The renovation has unravelled the architectural acumen of the then rulers
Archaeologists, history lovers, and pilgrims visiting Srirangam Sri Ranganathaswamy temple are jubilant over the current renovation work taken up at the ramparts and the five granaries.
While the renovation of the ramparts has been taken up as a pilot project, the granaries built during the Vijayanagar dynasty, pose a challenge to the conservationists who had worked out a special strategy for execution of its renovation.
For the first time, Hindu Religious and Charitable Endowments Board has come forward to execute these work on its own, utilising the expertise of the conservationists who were involved in the renovation of ancient monuments in the order of the Srirangam temple.
The renovation has unravelled the architectural acumen of the rulers of the distant past. The pilot project for rampart renovation encompasses a length of 50 metres at the Uthira street.
All the weak boulders have been cleared and the work on renovation of the pilot project area would be completed within a few months, says V.T. Narasimhan, Consultant / Conservationist, Hindu Religious and Charitable Endowments Board, Museum and Tourism.
The pilot study involved clearing of a tall neem tree in the area.
“A study at this place where walls from two directions meet, ensure stability of the structure for a long period,” he said. The inner and the outer veneers are separated by a core space of about 1.5 metres. Against the usual earth or bricks for filling the core, ancient architects had used boulders at Srirangam indicating their rich regard for the temple.
The temple accounts for seven prakarams (tiruchutru) running to 32,590 feet or 9,934 metres. The boulders on the V, VI and VII prakarams have got weakened and instances of boulders rolling down have been reported at least during five occasions in the past four years, particularly during the monsoon. The conventional mortar would be used for binding the boulders during the course of renovation.
The renovation keeps an eye on possible unearthing of inscription on these prakarams. The pilot project aims at facilitating the HR and CE to evolve the exact expenditure and expertise needed for renovating the prakaram with weak structure.
The renovation through pilot project has gone down well with the residents of Srirangam.
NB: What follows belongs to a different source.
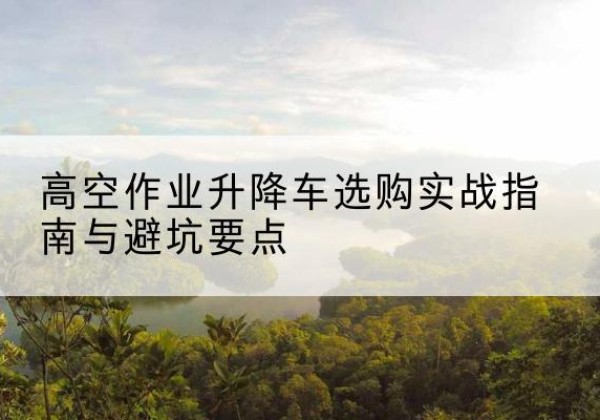 衡阳升降车怎么选-高空作业升降车选购实战指南与避坑要点
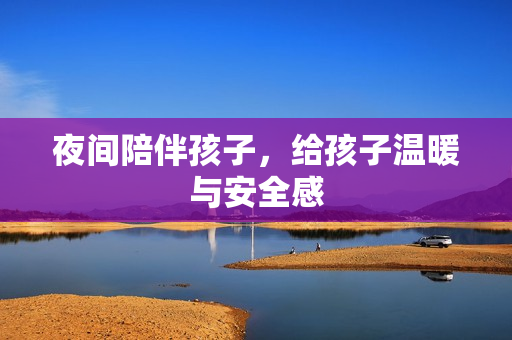 夜间陪伴孩子，给孩子温暖与安全感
They heave a sigh of relief in the wake of recurring problem caused by the rolling of boulders.
The granaries, numbering five, were built during the Vijayanagar dynasty at the “Tiru Kottaram” of the temple.
While two granaries were built first, the other three were added at a later period. A decorative cliff, called pilaster, at a specific place had indicated that the granaries, though circular in shape, had an octagonal foundation. The pilaster has “padma” (lotus) structure and an abacus, normally found on an octagonal base.
“Taking a vital clue from the pilaster, we have established its octagonal base by carefully digging the earth in the area,” said Mr. Narasimhan.
A major challenge is the presence of four tall trees and deposit of silt all around the Tirukottaram. All the trees would be uprooted carefully and the silt cleared first, “without causing any vibration to the granaries”.
Ancient rulers had utilised the granaries for stocking various commodities — from paddy to spices and from millets to dry fruits.
The grandeur of the granaries would be restored in tact because it was built during the Vijayanagar dynasty, he said.